Un problema che il Catania, col passare degli anni, pare non avere perso. Sono proprio le deludenti prestazioni in trasferta, l’ultima ad Agrigento, a essere costati il posto a Pino Rigoli. Sulla panchina del Catania siede, adesso, Mario Petrone. Un tecnico che Oliveira conosce bene.
«Lavora tantissimo e bene. Tiene in considerazione tutti i calciatori e non guarda in faccia a nessuno. Nel 2006 fu il mio allenatore nella Nuorese, in C2, e non mi dimenticherò mai quando mi lasciò in panchina per far posto a un ragazzino di 19 anni. Mi spiegò che l’esclusione era dovuta al fatto che in settimana mi ero allenato male. Aveva ragione. Accettai quella punizione, capii di avere sbagliato e alla ripresa degli allenamenti ricominciai a dare il 1000 per mille. Sono sicuro che al Catania farà bene, e lascerà il segno».

L’obiettivo del Catania, quest’anno, è centrare la serie B attraverso i play off. Per questo la dirigenza ha deciso di cambiare allenatore. Un messaggio chiaro, soprattutto alla squadra.
«Ho visto qualche partita e credo che l’allenatore possa contare su un attacco importante. Secondo me manca però ancora qualcosa per fare il salto di qualità, in trasferta. Magari serve un lavoro diverso da quello che è stato fatto finora. Starà a Petrone trovare il modo per fare giocare il Catania in trasferta come in casa».

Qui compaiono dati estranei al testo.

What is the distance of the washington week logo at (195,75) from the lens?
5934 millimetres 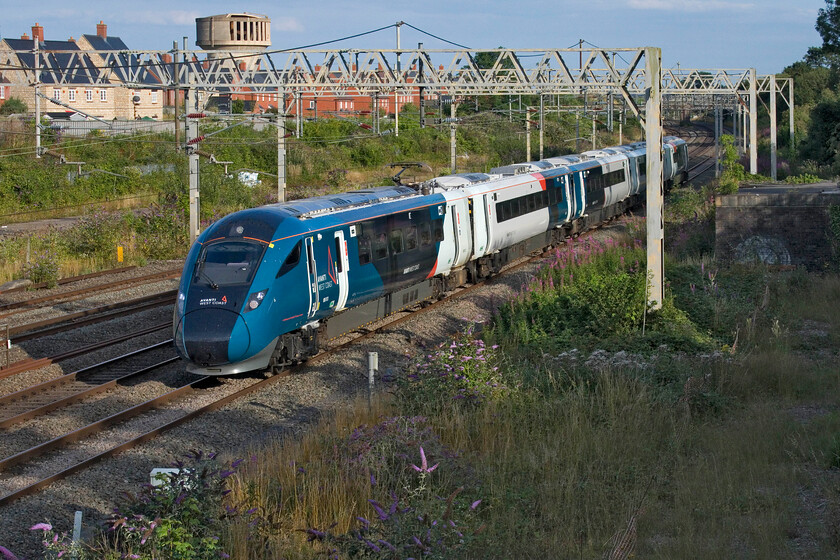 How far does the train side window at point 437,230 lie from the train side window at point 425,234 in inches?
8.0

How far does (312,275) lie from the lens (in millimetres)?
14422

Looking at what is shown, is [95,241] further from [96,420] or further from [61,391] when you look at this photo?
[96,420]

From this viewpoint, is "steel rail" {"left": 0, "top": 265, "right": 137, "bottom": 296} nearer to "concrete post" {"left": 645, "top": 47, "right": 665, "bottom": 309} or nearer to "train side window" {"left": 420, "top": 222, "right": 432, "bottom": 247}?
"train side window" {"left": 420, "top": 222, "right": 432, "bottom": 247}

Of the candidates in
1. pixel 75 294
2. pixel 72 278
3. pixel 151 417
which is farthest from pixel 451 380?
pixel 72 278

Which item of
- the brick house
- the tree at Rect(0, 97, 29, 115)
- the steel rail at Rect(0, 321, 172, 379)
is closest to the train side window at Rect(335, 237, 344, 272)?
the steel rail at Rect(0, 321, 172, 379)

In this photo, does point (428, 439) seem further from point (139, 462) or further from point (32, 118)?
point (32, 118)

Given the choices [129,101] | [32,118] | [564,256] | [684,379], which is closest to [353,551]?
[684,379]

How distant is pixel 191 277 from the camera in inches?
543

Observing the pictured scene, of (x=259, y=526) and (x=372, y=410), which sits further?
(x=372, y=410)

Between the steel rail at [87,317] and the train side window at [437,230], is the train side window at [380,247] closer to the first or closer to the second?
the train side window at [437,230]

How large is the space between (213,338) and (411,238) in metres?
5.58

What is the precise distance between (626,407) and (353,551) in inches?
183

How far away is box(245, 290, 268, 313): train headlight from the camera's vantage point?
43.6ft

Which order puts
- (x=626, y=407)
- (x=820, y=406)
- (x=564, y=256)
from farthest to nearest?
(x=564, y=256), (x=820, y=406), (x=626, y=407) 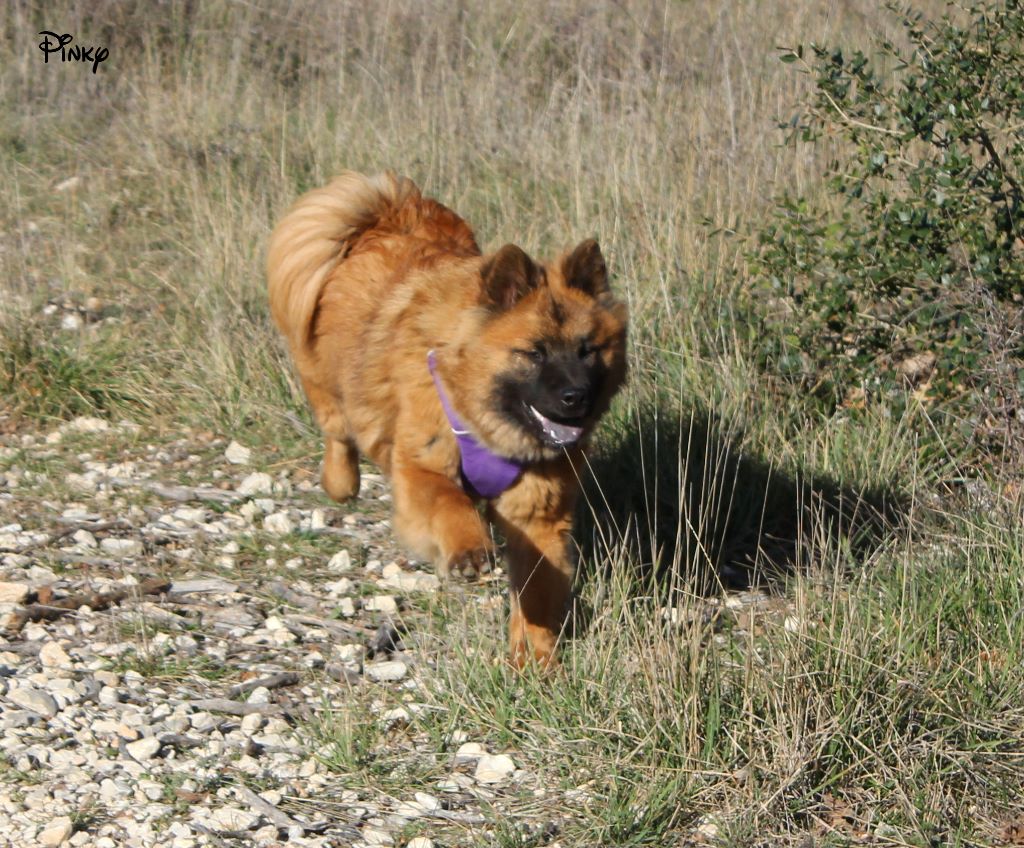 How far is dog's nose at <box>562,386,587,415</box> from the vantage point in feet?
12.5

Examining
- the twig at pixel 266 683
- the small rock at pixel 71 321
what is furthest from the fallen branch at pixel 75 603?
the small rock at pixel 71 321

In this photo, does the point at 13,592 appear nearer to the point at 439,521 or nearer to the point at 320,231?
the point at 439,521

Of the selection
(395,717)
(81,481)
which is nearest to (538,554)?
(395,717)

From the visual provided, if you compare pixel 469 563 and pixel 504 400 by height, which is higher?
pixel 504 400

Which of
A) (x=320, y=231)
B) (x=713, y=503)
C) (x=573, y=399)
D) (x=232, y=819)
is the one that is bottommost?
(x=232, y=819)

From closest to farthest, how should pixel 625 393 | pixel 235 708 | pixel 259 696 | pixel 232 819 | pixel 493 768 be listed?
1. pixel 232 819
2. pixel 493 768
3. pixel 235 708
4. pixel 259 696
5. pixel 625 393

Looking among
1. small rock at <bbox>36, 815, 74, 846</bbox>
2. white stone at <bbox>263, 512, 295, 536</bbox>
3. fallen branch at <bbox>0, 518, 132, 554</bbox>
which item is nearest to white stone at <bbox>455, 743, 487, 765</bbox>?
small rock at <bbox>36, 815, 74, 846</bbox>

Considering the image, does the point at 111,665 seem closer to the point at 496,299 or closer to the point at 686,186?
the point at 496,299

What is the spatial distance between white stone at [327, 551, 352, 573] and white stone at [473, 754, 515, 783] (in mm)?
1423

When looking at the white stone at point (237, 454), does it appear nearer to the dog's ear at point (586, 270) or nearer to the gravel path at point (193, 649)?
the gravel path at point (193, 649)

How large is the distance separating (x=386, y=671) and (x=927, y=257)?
2.69 m

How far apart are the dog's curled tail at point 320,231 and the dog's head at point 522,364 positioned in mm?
1071

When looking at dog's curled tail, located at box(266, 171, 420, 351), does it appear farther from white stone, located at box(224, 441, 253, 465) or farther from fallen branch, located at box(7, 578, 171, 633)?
fallen branch, located at box(7, 578, 171, 633)

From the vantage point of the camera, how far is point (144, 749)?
127 inches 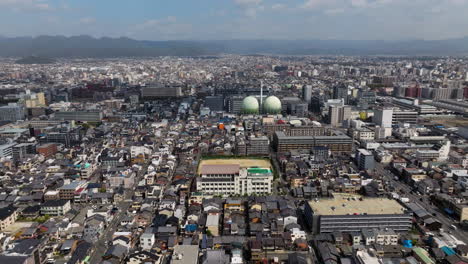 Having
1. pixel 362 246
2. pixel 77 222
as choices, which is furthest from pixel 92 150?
pixel 362 246

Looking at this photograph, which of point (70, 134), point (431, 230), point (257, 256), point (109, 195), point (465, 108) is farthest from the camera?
point (465, 108)

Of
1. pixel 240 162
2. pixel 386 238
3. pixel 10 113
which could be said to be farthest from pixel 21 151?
pixel 386 238

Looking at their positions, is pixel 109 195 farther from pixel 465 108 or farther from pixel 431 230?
pixel 465 108

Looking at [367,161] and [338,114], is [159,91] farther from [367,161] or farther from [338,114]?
[367,161]

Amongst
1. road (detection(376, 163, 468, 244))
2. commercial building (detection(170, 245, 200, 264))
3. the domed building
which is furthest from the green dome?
commercial building (detection(170, 245, 200, 264))

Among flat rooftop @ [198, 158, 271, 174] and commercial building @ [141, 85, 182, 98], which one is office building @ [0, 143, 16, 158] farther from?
commercial building @ [141, 85, 182, 98]

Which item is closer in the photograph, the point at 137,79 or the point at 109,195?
the point at 109,195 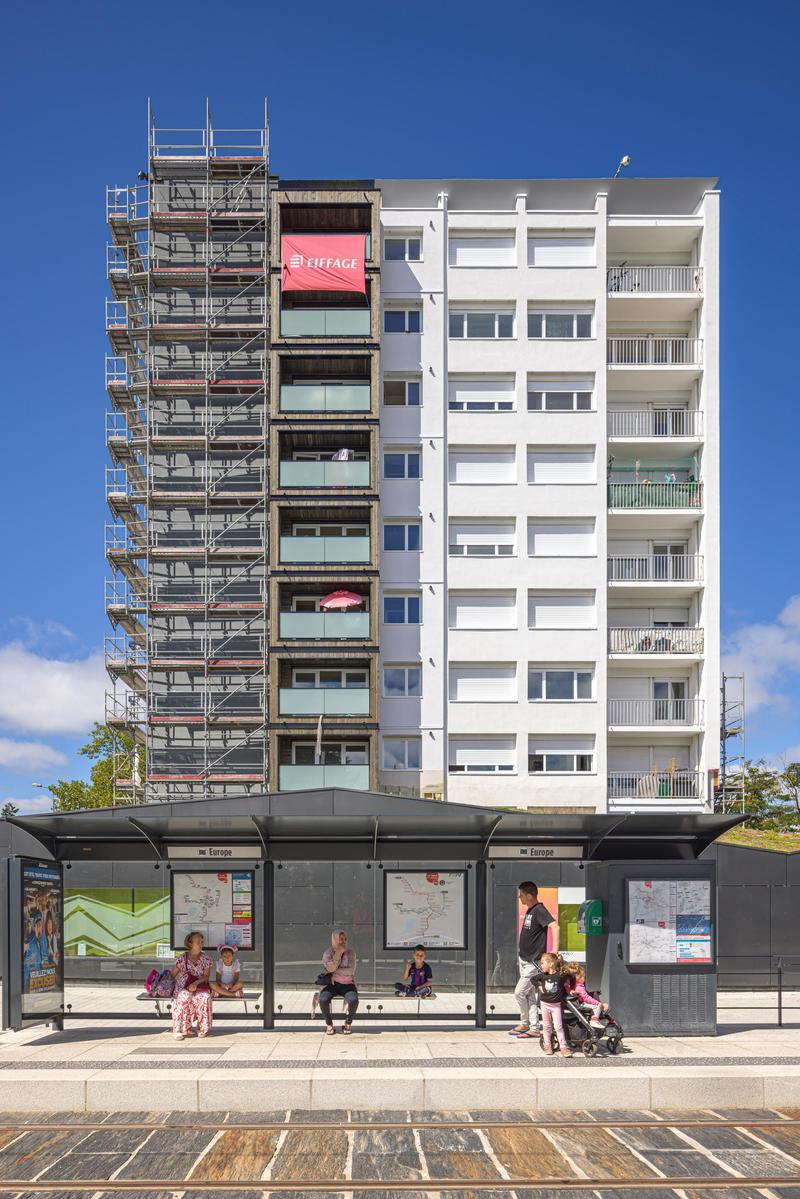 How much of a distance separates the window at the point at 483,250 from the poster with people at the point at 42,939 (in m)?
31.9

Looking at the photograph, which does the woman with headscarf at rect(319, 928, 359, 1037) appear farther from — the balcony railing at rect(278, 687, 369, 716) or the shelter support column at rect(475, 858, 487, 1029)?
the balcony railing at rect(278, 687, 369, 716)

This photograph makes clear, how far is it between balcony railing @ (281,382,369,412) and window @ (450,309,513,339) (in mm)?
5031

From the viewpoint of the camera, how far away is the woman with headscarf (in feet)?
47.1

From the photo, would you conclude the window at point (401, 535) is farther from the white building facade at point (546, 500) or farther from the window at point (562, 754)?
the window at point (562, 754)

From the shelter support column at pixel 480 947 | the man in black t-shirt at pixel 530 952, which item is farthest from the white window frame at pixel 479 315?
the man in black t-shirt at pixel 530 952

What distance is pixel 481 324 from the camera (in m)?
41.2

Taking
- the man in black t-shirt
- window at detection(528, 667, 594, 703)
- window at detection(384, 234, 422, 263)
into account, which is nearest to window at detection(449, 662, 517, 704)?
window at detection(528, 667, 594, 703)

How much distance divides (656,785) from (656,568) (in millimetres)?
8156

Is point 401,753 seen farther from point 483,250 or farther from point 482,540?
point 483,250

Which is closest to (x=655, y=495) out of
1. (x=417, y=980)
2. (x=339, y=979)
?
(x=417, y=980)

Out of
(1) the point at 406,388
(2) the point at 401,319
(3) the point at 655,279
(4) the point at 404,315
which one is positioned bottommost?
(1) the point at 406,388

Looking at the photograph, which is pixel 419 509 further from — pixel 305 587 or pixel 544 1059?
pixel 544 1059

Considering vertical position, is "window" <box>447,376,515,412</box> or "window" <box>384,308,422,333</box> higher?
"window" <box>384,308,422,333</box>

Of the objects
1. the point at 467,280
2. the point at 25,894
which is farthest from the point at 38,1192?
the point at 467,280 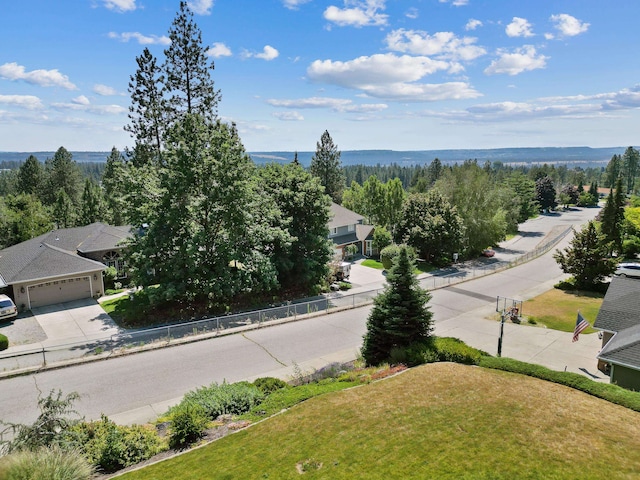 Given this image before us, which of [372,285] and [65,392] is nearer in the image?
[65,392]

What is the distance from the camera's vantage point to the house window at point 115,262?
34.3 meters

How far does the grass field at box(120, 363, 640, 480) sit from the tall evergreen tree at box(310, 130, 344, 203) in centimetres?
5377

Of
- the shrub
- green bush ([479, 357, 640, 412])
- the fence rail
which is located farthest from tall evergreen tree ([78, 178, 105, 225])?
green bush ([479, 357, 640, 412])

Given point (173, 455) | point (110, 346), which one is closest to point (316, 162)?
point (110, 346)

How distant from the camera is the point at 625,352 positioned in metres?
16.9

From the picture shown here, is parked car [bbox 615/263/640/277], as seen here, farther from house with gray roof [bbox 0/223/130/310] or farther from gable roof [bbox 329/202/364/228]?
house with gray roof [bbox 0/223/130/310]

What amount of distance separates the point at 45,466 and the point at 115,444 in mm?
1998

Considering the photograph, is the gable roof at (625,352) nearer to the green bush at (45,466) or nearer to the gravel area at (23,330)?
the green bush at (45,466)

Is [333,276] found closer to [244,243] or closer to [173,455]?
[244,243]

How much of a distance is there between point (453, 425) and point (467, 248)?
39733 millimetres

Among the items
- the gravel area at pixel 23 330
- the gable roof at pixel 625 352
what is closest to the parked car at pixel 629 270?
the gable roof at pixel 625 352

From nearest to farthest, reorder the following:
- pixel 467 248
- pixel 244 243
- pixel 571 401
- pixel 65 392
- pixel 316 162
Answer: pixel 571 401, pixel 65 392, pixel 244 243, pixel 467 248, pixel 316 162

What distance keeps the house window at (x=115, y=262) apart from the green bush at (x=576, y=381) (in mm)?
29258

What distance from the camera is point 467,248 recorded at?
48281mm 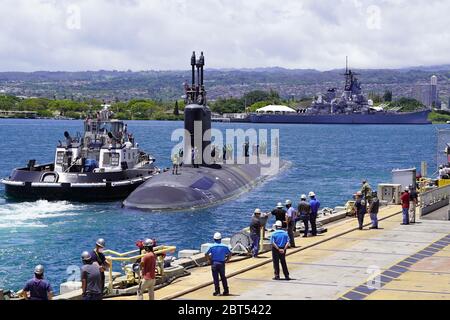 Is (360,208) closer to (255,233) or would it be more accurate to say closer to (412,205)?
(412,205)

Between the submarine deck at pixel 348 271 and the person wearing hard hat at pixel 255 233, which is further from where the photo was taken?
the person wearing hard hat at pixel 255 233

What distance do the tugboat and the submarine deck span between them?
25.0 meters

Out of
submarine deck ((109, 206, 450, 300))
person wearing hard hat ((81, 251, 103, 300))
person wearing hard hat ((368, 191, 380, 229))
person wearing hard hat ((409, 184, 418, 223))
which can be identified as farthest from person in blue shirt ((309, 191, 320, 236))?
person wearing hard hat ((81, 251, 103, 300))

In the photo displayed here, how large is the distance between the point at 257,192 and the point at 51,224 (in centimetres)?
2208

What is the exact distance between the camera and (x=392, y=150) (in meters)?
148

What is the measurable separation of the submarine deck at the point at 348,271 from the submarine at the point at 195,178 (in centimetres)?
1645

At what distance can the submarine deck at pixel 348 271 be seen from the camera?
72.9ft

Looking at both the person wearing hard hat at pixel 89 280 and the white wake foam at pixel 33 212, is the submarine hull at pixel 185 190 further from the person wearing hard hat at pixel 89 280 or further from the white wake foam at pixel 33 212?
the person wearing hard hat at pixel 89 280

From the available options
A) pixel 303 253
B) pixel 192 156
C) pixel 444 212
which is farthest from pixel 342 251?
pixel 192 156

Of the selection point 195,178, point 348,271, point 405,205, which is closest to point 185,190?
point 195,178

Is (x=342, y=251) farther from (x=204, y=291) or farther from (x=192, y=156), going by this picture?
(x=192, y=156)

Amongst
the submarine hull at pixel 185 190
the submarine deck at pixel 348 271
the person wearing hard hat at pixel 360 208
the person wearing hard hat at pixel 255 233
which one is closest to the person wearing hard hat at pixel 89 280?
the submarine deck at pixel 348 271

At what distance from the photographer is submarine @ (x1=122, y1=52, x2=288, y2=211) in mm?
48844

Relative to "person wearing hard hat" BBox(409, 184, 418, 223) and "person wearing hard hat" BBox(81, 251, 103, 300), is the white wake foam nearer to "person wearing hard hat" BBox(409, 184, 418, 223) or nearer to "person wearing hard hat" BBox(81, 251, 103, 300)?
"person wearing hard hat" BBox(409, 184, 418, 223)
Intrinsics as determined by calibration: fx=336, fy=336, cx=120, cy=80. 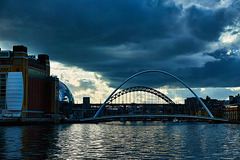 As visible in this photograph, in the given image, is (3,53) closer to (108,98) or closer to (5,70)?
(5,70)

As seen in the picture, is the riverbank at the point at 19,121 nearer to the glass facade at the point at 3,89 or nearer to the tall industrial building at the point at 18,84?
the tall industrial building at the point at 18,84

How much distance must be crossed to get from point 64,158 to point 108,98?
137177 millimetres

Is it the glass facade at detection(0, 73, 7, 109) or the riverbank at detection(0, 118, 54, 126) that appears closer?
the riverbank at detection(0, 118, 54, 126)

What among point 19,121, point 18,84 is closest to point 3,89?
point 18,84

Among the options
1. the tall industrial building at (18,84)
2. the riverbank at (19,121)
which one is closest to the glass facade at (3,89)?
the tall industrial building at (18,84)

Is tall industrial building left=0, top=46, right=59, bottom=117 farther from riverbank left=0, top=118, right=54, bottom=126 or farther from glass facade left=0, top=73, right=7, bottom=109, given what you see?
riverbank left=0, top=118, right=54, bottom=126

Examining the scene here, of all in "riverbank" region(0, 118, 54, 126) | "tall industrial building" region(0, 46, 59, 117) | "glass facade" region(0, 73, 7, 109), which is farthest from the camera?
"glass facade" region(0, 73, 7, 109)

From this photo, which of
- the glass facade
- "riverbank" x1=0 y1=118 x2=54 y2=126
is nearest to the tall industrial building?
the glass facade

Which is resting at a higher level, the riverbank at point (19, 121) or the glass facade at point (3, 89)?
the glass facade at point (3, 89)

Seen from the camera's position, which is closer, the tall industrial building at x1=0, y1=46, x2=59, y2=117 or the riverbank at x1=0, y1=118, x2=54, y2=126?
the riverbank at x1=0, y1=118, x2=54, y2=126

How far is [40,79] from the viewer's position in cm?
15688

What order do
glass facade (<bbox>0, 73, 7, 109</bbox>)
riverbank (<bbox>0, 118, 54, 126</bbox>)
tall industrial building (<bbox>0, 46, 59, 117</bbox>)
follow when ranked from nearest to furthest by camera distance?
riverbank (<bbox>0, 118, 54, 126</bbox>) → tall industrial building (<bbox>0, 46, 59, 117</bbox>) → glass facade (<bbox>0, 73, 7, 109</bbox>)

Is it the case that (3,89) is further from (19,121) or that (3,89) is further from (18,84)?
(19,121)

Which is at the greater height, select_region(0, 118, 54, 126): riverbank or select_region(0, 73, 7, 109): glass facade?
select_region(0, 73, 7, 109): glass facade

Quella rossazzurra non è stata l’esperienza più lunga della carriera di Oliveira, ma di certo una di quelle più intense.
«Ricordo le unghie rossazzurre, le magliette che mostravo dopo ogni mio gol. Ad esempio quella con su scritto “Cascamu additta comu e iatti”, o quella con su scritto il codice fiscale di Catania. Tutte idee del mio amico Vincenzo, che io ho soprannominato “lampadina”. Mi faceva piacere indossarle perché facevano piacere alla gente. Quei due anni sono stati spettacolari e più di qualsiasi partita, non dimenticherò mai la gente di Catania. Me la porterò sempre dentro di me».

Proprio ai tifosi del Catania è rivolto il saluto, o meglio l’augurio che chiude questa intervista.
«Spero che Lo Monaco (l’addì del club etneo, ndr) riesca a portare il Catania più in alto possibile. Merita una serie A giocata agli stessi livelli che hanno preceduto la doppia retrocessione. È questo l’augurio che faccio ai tifosi del Catania».